My joy at finding the car subsided at once: her registration was taped inside the front window, staring up at me in the face, the useless “121 Fuller” address thumbing its nose at me. It said, “Margaret Anne Baker,” and it said, “State of Iowa Motor Vehicle Licensing Bureau,” and “Port City” and sundry other bureaucratic bullshit, but nowhere did it say Apartment Number Such-and-Such.

What now? Back to pick a door and ask? I’d have to be careful how I went about it, as the laundry room and several windows were decorated with signs saying “No Solicitors Allowed,” warning that a city ordinance called for the immediate jailing of anyone practicing that forbidden art. I reminded myself not to spit on the sidewalk.

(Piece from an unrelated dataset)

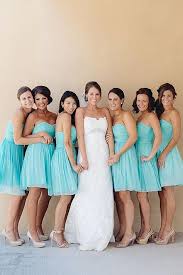 15 Most Incredible Teal Bridesmaid Dresses You Must See Teal Bridesmaid Dresses Blue Wedding Houston Wedding Photographer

I was one hell of a fine detective.

So I wandered back to my car, head hanging low, to regroup my thoughts. I’d intended getting at Raymond Springborn via an indirect route, namely Peg Baker. Just how I would do that, I didn’t know; I would improvise, as time allowed for nothing but improvisation, and then what else could I have done but improvise, never having done this sort of thing before. My only other option would be a frontal approach with Springborn, and what with the body of his murdered brother-in-law Albert Leroy just fresh found, now was a decidedly bad moment to approach Springborn frontally. I could picture myself dropping in on the mournful family, perhaps while Springborn was gathering the sympathies of the Port City Chief of Police. Such a situation could bring up some embarrassing questions, such as, “Who are you?” or “What are you doing here?”

I sat in the Ford, slouched down, trying to think. For two cents I would’ve gone to sleep. For three cents I would’ve never waked up. I kept trying to think, trying. I couldn’t. Maybe Broker was right, maybe I was being an ass, maybe I should give it up. My initial feeling of indignant rage had dissipated by this time. I felt crumpled, like an empty paper cup, used, emptied, discarded.